As much as you might not like it, you know life always brings the unexpected. The real question is what are you going to do about it?
Getting back on track
I remember experiencing a significant period of unwanted change a few years ago. During that time, I brought together my top leaders and we worked to develop a roadmap for moving forward, despite the challenges we faced.
We used five questions to help us think through our situation. These questions proved to be the turning point – shifting our mindset from frustration to future-focused, from resentful to resilient. Once we made this critical shift, our actions followed.
These five questions are outlined below, along with some additional insights to help you navigate change. I suggest you bring your team together and share these questions with them. Think things through as a team. Encourage robust debate and blue-sky ideas. Then build consensus for a new way forward.
What is our reality? This is the place where you must begin. Whether you like what's happening to you or not, you must be willing to face it and accept it. Ask yourself: What changes are occurring specifically? How are these things impacting us? What new challenges are we facing as a result?

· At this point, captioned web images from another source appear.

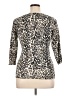 Maurices Animal Print Tan Cardigan Size L - photo 2
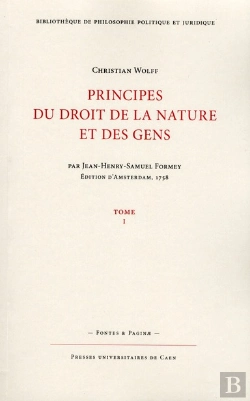 Bertrand.pt - Principes Du Droit De La Nature Et Des Gens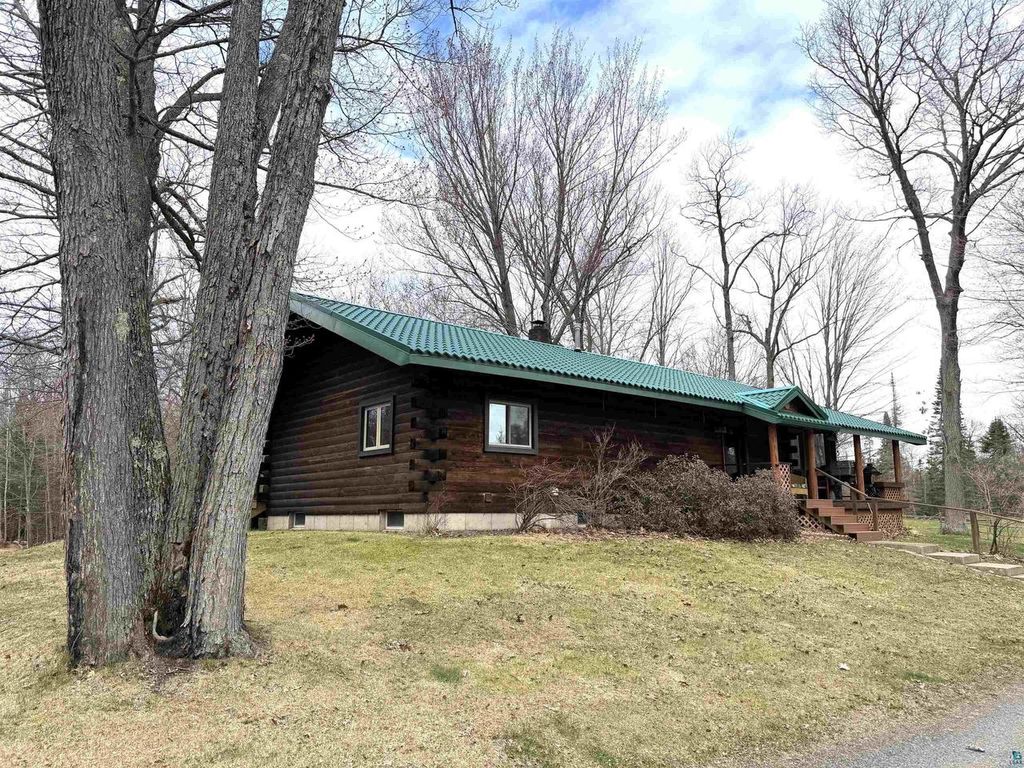 Photo of 6588 S County Rd P Rd, Lake Nebagamon, WI 54849 (MLS # 6124420)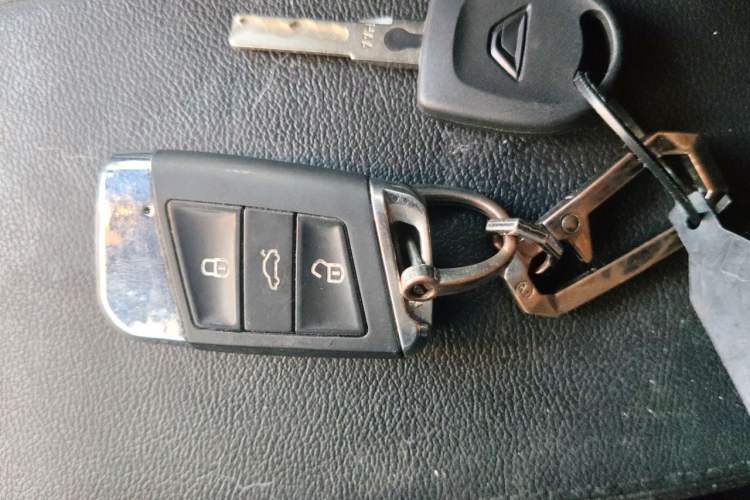 Used Jetta VA3 2019 1.5L Manual Entry-Level Version Vehicle Key
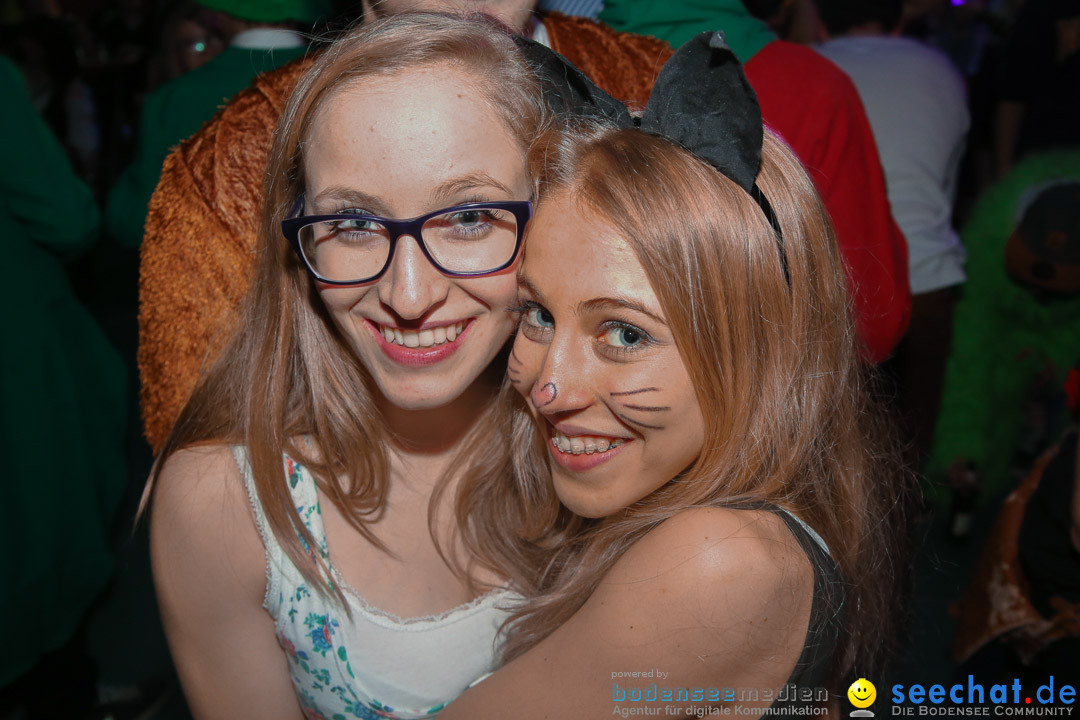 Hugeloh-Ball: Leimbach am Bodensee, 12.01.2014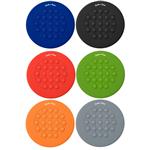 TH80004 Push Pop Stress Reliever Flying Disc with Custom Imprint
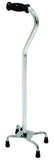 Small Base Bariatric Quad Cane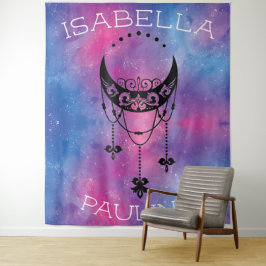 Tapiz celestial de la luna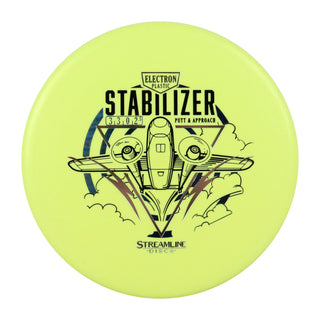 Streamline Disc Golf Electron Stabilizer Putter 3/3.5/0/2.5 Yellow/Blue 173 grams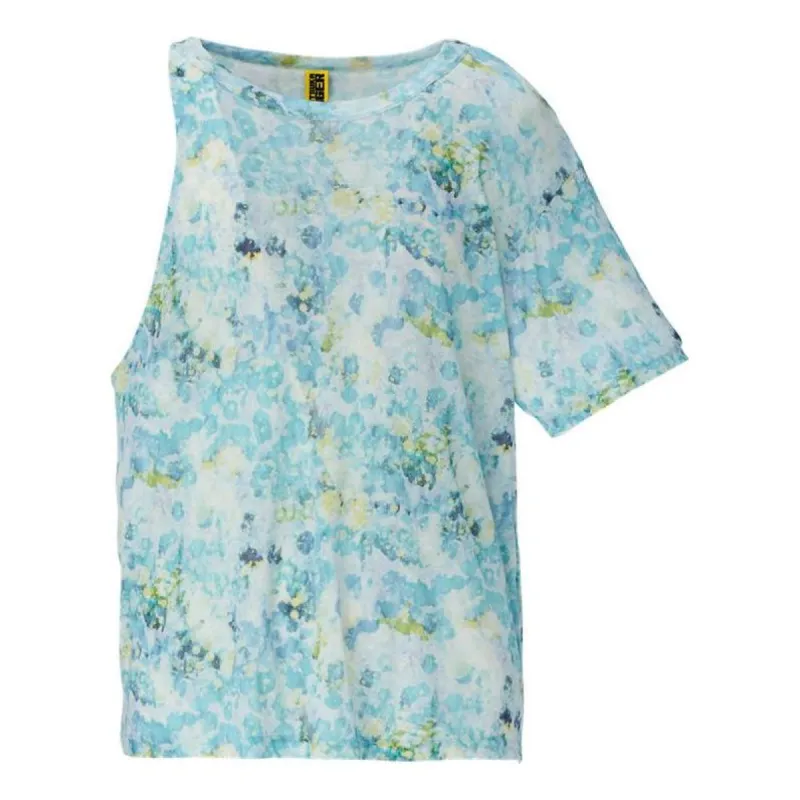 Onitsuka Tiger Printed T-shirt 'Blue' 2183B259-400 sold by KicksCrew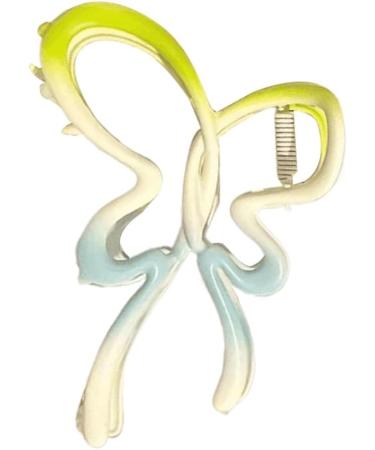 Limtula Lovely Hair Claw Hollowed out Butterfly Shape Hair Clip for Woman Camping Ponytail Hair Delicate Jaw Clip for Girl Green - Buy Online on SooperMarket.com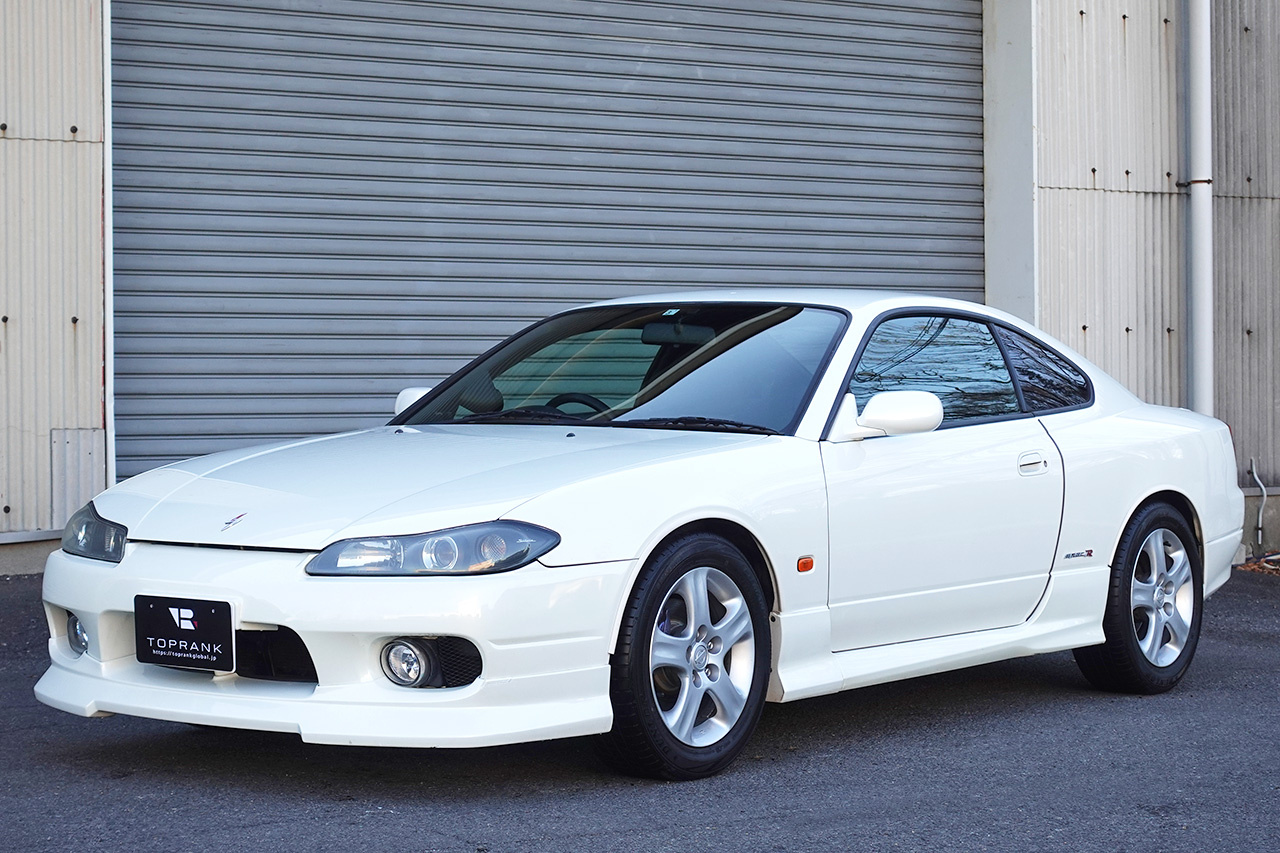 2005 Nissan SILVIA S15 SPEC R  V PACKAGE, Aftermarket Muffler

Consider both internal and external factors – and feelings. It's important to get everything out on the table, good and bad. Attempt to understand the full scope of the change.
What can't we control? This is a chance to identify and accept those factors that are not now (and probably never will be) within your control – an important step to take in this process. You don't want to waste time and energy focusing too much on these things as that will keep you stuck in a state of frustration.
Recognizing your inability to control certain things helps you leave these issues behind so you can focus on moving forward. Once you accept "what's so" you can move to "what's next."
What can we control? When you reach this point in the change conversation, you should begin to see a mindset shift. Now you realize there are many things that are still within your control, and that feels empowering and energizing.
Step back and look at the big picture. Chances are you still have control over a lot of things, such as your: ability to serve clients/customers, attitude, commitment, focus on excellence, pride in your work, impact for good, culture, communication, how you get things done, and how you show up every day. Also, likely your health, family and friends.
As your list begins to grow, you will also see your team begin to change. You'll likely observe that their thinking, behavior and comments shift from being:
Reactive to proactive
Cautious to opportunistic
Fearful to forceful
Resentful to resilient
Grumbling to grateful
This shift allows you to begin focusing on which levers you can pull and what changes you can make to design a new path forward.
What do we want to achieve? Once you and your team are focused on the future, your ideas will begin to reflect a sense of optimism and anticipation. You can begin to ask questions like: What does a "win" look like now? What benefits would be realized from success? How will we feel when we have achieved our goals?
Be specific about what you hope to achieve through – or in spite of – change. The more powerfully you envision the future, the more motivated you will be to achieve it and the more willing you will be to stick with it when the going gets tough.
Write your vision down (even if it scares you a little), and let that vision guide your priorities and plans from here.
How does our strategy need to change? This is the roll-up-your-sleeves part of the process. You can't get to your destination without a plan, so what do you need to do to get where you want to go?
It's important to listen carefully to your team and include all the things that must happen in order to achieve the results you want. For planning purposes, just list the major activities and key areas that must be addressed. You can fill in the details when the overall strategy is clear.
Once everyone is in agreement about how to move forward, encourage the team not to look back, but to keep their eyes focused on the future. By working together and staying committed to the goal, success becomes more achievable.